Il punto non è se il Pil crescerà dello 0,4 percento come dice Standard & Poor’s, dello 0,7 percento come dicono Istat e Confindustria, o dell’1 percento come dice l’ottimista Enrico Letta. Il punto è che una crescita da prefisso telefonico non creerà occupazione. Ci vorrebbe una percentuale intorno al 2-2,5 percento. La legge di stabilità non crea posti di lavoro. Bisogna fare molto di più.

19 dicembre 2013 – Confindustria descrive lo stato dell’economia italiana usando termini cupi.

Dopo anni di crisi il paese è tra le ceneri. «I danni della recessione», dice Confindustria, «sono commisurabili solo con quelli di una guerra».

L’analisi riportata dal Sole 24 Ore fa riflettere: «La profonda recessione, la seconda in 6 anni, è finita. I suoi effetti no», avverte il centro studi di Confindustria. Parlare di ripresa è «per molti versi improprio», suona «derisorio». «Il Paese ha subito un grave arretramento ed è diventato più fragile, anche sul fronte sociale. I danni sono paragonabili solo con quelli di una guerra».

Ma in questo scenario di guerra c’è qualcuno che vuol fare l’ottimista, forse per dovere istituzionale. Il primo ministro cerca di vedere il bicchiere mezzo pieno. Parla dell’idea di compiere la sua missione e mangiare il panettone l’anno prossimo. Parla di un tasso di crescita dell’1 percento nel 2014 e del 2 percento nel 2015. È ottimista. Confindustria prevede, come l’Istat, una crescita dello 0,7 percento per il 2014 e poco più dell’1 percento nel 2015. Letta esagera con le previsioni? Sta dando i numeri? Nelle sue stime, Letta non dà esattamente i numeri ma va sicuramente oltre i parametri e i numeri di tutti i forecast internazionali per quanto riguarda le prospettive di crescita del Pil in Italia nel 2014 (e mi riferisco qui all’Ocse, Eurostat, Istat, agli economisti di tutte le grandi banche, a Standard & Poor’s, Fmi, ecc.). E alcune di queste previsioni danno uno 0,4 percento nel 2014.
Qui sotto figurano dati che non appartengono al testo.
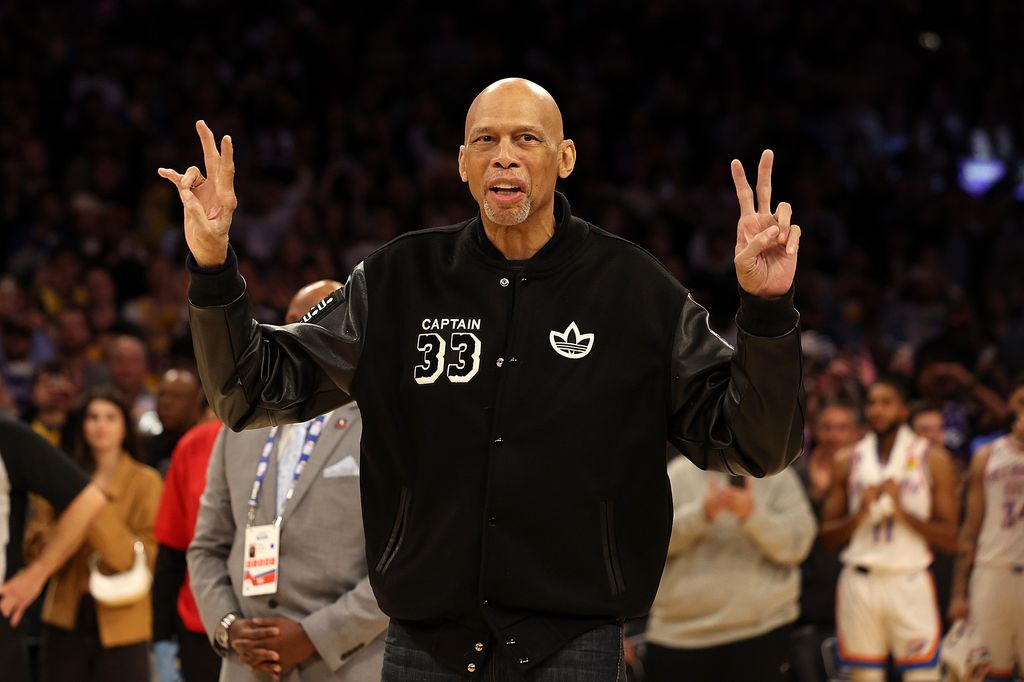 Kareem Abdul-Jabbar reacts on the court after LeBron James #6 of the Los Angeles Lakers passed Abdul-Jabbar to become the NBA's all-time leading scorer,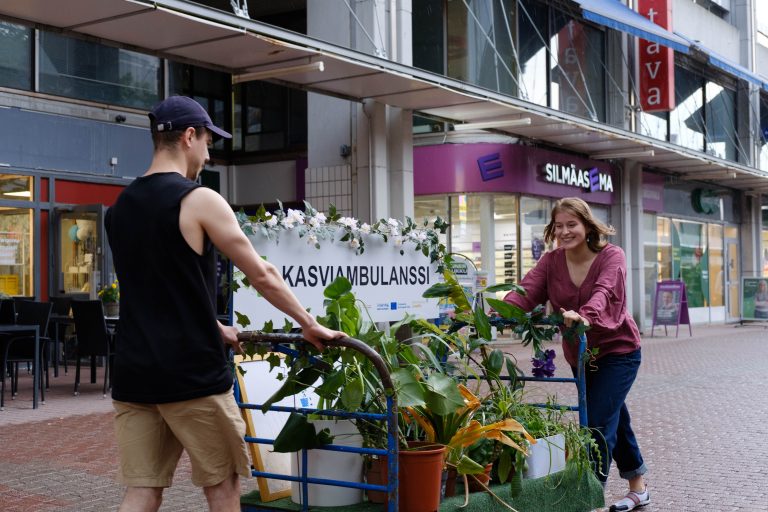 Kuvassa kaksi henkilöä työntää Kasviambulanssia kadulla, kyydissä useita huonekasveja.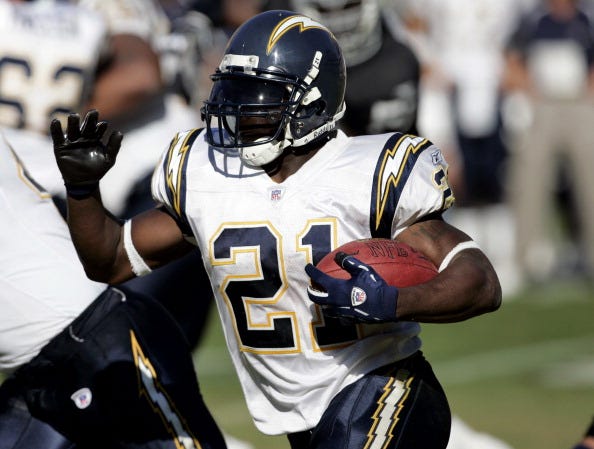 LaDainin Tomlinson rushes with the Chargers.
Il punto però non è se il primo ministro debba svolgere il ruolo di Cheerleader-in-Chief, perché ogni capo di governo deve cercare di proiettare ottimismo e fiducia, questo si capisce. Il problema è che così si rischia di creare aspettative inverosimilmente raggiungibili, si rischia di prendere in giro la gente se si prospetta una diminuzione seria del tasso di disoccupazione, e cioè sotto il 12 percento nel corso del 2014. Non accadrà.

Chi usa la previsione della crescita in una politica economica di piccoli passi rischia di deludere alla fine di un 2014 che, secondo me, non segnerà una grande ripresa ma sarà ancora un periodo di stagnazione. La disoccupazione rimarrà sopra il 12 percento. Nel 2014 la gente non sentirà di avere più soldi in tasca.

Una crescita da prefisso telefonico, quindi, non aiuterà un’Italia colpita dalla piaga della disoccupazione giovanile o un’Italia in cui una famiglia su tre è a rischio povertà. Non crea lavoro.

La verità è che la crescita deve essere accompagnata e prodotta anche grazie a una serie di riforme di vasta portata. La verità è che la disoccupazione non scenderà se la crescita non arriverà almeno attorno al 2 percento. Questo è da escludere. Chi ti dice che la ripresa sarà una condizione sufficiente per affrontare il vero problema della disoccupazione sta tergiversando. Abbiamo davanti a noi ancora altri mesi di stagnazione.